The latest edition of the Warhammer 40,000 rulebook is a weighty tome; 288 pages of background info, racial statistics, to-hit modifiers and all manner of vehicle, weapon and spell stats - enough to send those unfamiliar with Games Workshop's tabletop battle system running for the hills.
Of course, this excludes the small library of supplementary Codex manuals - one each for the main combatants, the many dozens of novels and, of course, the monthly hot-fixes applied via the ever-present White Dwarf magazine. It wouldn't be stretching the truth to say that, apart from Tolkien's, George Lucas's and our own, few worlds have been so mapped, written about and fought over as those which play host to humanity's struggle in the 41st millennium.
Yet as you may already be aware, distilling this wealth of information into something more interactive has been a thankless task for a number of games developers over the years; most, if not all of the more memorable efforts being direct translations of the tabletop hobby. But these titles have never fully realised the universe in which they're set. This is because, in faithfully minimising the exhaustive rules for a smaller playing field, they've generally ended up as convenient revisions of the real thing, their exclusive benefit being that you don't have to invest time and money in a lead army to play them.
Theatre Of Blood
In transposing the strategy of Warhammer 40,000 from tabletop to desktop, Dawn Of War developer Relic has approached things differently and focused more on the iconic imagery that punctuates the rulebook, rather than the rules themselves.
Moving from a turn-based model to the antithesis of real-time - meaning whole chapters have been ruthlessly culled - is a brave step sure to irk the purists. However, after we finally managed to distract ourselves from painting the miniature figures to actually play Dawn Of War, we reckon even the most battle-hardened tabletop trialists would be lying if they weren't impressed by the visuals. Here, for the first time we get to witness the true brutality of the 40K universe.
You gawp in wonder at squads of Space Marines unloading their bolters into ranks of advancing Orks, dreadnoughts with power saws slicing through crowds of melee troops and whirlwind missile launchers peppering the landscape. Before, you needed dice and a tape measure to appreciate the carnage.
However, not only is Dawn Of War the most visually impressive game ever with the Warhammer moniker, it's certainly the most violent. Indeed, few first-person shooters offer as much in-yer-face gore - when you slow down the action, it's almost balletic as arteries are opened, drenching the screen in arcs of claret.
In terms of the gameplay on offer, Dawn Of War isn't quite as distinctive. Resource management is kept to a minimum, with points earned through capturing and holding victory locations. The more locations you hold, the quicker your points rack up and the more units and structures you can bring into play.

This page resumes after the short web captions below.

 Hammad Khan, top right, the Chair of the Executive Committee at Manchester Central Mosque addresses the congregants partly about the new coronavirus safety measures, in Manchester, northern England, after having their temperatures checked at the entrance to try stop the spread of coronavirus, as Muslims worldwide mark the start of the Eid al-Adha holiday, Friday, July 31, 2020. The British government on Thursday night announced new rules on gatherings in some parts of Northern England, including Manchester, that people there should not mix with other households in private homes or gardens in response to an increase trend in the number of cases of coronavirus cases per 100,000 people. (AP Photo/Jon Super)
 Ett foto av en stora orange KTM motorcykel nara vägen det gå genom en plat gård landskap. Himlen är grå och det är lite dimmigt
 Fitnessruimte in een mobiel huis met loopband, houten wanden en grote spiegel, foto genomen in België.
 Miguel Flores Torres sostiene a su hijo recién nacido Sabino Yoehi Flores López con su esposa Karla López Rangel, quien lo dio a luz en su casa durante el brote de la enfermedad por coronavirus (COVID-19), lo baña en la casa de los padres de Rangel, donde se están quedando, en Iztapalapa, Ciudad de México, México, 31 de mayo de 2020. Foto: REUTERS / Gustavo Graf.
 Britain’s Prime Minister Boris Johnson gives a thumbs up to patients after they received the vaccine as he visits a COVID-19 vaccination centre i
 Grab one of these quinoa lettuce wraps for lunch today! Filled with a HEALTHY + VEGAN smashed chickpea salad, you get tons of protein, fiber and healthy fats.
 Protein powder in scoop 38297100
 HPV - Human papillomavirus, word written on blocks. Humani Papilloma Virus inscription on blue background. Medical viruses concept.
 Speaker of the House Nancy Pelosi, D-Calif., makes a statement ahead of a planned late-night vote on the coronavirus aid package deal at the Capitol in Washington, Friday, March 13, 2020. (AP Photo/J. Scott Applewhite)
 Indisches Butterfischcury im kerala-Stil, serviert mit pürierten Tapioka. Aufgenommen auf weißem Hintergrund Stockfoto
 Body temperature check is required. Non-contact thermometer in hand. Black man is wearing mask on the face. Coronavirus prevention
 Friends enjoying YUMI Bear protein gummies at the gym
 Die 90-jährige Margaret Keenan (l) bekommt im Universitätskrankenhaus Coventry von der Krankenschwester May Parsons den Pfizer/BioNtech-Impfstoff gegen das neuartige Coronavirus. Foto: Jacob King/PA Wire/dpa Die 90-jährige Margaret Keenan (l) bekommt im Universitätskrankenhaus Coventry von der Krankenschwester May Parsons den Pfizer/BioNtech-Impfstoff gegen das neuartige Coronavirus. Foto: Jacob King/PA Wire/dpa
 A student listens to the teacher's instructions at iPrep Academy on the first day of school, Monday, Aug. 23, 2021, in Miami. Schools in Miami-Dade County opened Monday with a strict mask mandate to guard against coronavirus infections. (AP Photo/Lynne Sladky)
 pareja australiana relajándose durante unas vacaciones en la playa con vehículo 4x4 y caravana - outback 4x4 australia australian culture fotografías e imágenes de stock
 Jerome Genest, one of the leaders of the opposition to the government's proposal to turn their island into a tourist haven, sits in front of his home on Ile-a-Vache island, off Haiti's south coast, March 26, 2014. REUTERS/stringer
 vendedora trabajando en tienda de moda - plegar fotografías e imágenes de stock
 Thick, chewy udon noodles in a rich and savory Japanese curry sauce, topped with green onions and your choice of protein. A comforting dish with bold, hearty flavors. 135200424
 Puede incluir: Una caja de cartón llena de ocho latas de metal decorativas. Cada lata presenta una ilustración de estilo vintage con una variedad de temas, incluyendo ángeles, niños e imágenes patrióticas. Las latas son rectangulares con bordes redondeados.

That aside, the mechanics of the game will be familiar if you've played a RTS in the last few years. Warcraft III is the closest in scope and setting, as upgrades to current units and ever more devastating units become available as your field base expands with new and upgraded buildings.
I Wanna Be A Marine
But of course, this being Warhammer, it's the units themselves rather the manner in which they come into play that's most important - and we have to say that we've rarely enjoyed such a diverse spread.